Single-family homes—the most common type of housing in America—have come under fire recently because of their cultural connotations, as Curbed columnist Kate Wagner explored in “Should We Still Be Building Single-Family Homes?” But the debates over land use involved with single-family homes, the NIMBYism that often defines their neighborhoods, and the issues with racial exclusion miss some of the larger stories about housing policy in the country.

Single-family homes have long been equated with homeownership, despite the fact that a large number of them are used as rentals. By conflating single-family houses with the problems of homeownership as a means of investment and wealth accumulation (or, conversely, seeing the single-family house as one of the only forms of generational stability and a safeguard against rising housing costs), we gloss over the problems of our system of wealth accumulation as a whole.
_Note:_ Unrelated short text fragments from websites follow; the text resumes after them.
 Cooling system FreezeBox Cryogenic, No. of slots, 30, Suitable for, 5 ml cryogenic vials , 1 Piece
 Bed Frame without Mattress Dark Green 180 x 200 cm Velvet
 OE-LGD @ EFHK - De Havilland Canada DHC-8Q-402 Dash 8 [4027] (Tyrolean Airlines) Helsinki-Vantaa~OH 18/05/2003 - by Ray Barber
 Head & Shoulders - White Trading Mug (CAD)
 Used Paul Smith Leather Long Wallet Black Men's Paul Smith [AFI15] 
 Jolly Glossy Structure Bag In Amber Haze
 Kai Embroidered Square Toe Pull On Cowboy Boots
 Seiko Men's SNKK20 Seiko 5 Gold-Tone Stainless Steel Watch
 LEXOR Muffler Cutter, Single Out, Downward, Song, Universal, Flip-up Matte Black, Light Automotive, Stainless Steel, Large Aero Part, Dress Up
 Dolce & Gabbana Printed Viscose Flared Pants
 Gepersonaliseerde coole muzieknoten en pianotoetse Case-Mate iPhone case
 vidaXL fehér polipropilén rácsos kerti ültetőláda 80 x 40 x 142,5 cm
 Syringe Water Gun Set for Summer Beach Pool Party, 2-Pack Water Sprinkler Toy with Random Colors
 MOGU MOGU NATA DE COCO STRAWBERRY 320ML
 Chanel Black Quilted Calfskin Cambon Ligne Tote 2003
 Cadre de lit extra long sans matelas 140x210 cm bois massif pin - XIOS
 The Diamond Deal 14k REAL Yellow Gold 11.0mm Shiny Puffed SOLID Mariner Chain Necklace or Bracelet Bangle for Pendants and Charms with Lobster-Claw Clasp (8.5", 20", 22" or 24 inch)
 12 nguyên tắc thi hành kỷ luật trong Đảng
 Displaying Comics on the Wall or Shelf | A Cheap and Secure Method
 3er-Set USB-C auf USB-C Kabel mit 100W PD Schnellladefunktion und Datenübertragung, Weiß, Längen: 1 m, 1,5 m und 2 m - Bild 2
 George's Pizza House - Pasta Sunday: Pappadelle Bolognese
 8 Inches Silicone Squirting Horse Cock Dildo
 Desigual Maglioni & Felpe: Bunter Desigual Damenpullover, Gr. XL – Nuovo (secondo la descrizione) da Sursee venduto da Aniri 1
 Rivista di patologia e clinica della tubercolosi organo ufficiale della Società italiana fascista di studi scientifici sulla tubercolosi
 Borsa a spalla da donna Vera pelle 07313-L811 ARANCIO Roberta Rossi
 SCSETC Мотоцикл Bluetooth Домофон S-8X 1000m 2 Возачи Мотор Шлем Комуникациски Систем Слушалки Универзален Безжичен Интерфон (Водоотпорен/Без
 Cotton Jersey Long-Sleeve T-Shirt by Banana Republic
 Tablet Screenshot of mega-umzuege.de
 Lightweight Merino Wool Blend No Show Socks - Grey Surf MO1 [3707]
While the subsidization of the suburbs and the practices of slum clearance under urban renewal were racist policies at all scales, single-family homes themselves are not necessarily to blame, either for those policies or for the pressing present-day issues of gentrification and climate change. The single-family house is both an agent of gentrification (through flipping and real estate speculation) and a site of neighborhood resistance for those who own their homes but are still at risk of being economically displaced. That many existing single-family homes could be densified by adding accessory dwelling units or by breaking them up into apartments makes it impossible to see single-family homes as either purely good or purely bad—or to ignore their potential to address some of the problems we face.


Carroll Fife

Owning a home outright isn’t the only form of ownership to consider. Alternative structures, like community land trusts, might be more ethical options than the speculative land market, which fuels displacement and gentrification. Carroll Fife, director of the Oakland/San Francisco Alliance of Californians for Community Empowerment, told Curbed the following when we interviewed her for a story on upzoning.

The land trust, as a nonprofit, permanently stewards the land in a trust so that it’s affordable. It’s not impacted by the market in the same way that for-profit [land is].

It’s important because it gives people the opportunity to engage in a housing market at their price point. The land trust buys homes and buys properties and can offer the buildings, the vertical construction, for the cost of the home, not the cost of the land. They use the equity from their portfolio and purchase neighborhoods, depending on how much equity they have and how financially strong they are, they can buy up neighborhoods and make them permanently affordable.

A couple of years ago [my organization] had several undocumented folks come to us saying that they received a 100 percent increase in their rent. The speculator that bought up [their] place in East Oakland was raising their rent from $1,200 to $2,400 [a month] and they couldn’t afford it. Some of them were considering going back to Guatemala or Mexico. They had to pay these increases and they decided to organize and fight back. Eventually, the land trust was able to purchase their homes and they were able to stay there.


Alissa Hessler

Because homeownership is out of reach in areas where jobs are located, some people are choosing to buy in more affordable cities and renting their properties out on services like Airbnb. Curbed senior reporter Patrick Sisson interviewed Alissa Hessler on the phenomenon for the story “Millennials, Priced Out of Homes Locally, Shop for Investment Properties Online”.

“It’s not as easy as people think,” says Alissa Hessler, the owner of a creative services agency who bought an investment property in rural Maine and eventually moved into it full time. “I’ve had friends in this scenario dip their toes in the Airbnb market. While 85 percent of guests are amazing, 15 percent are awful. And that 15 percent can push people over the edge.”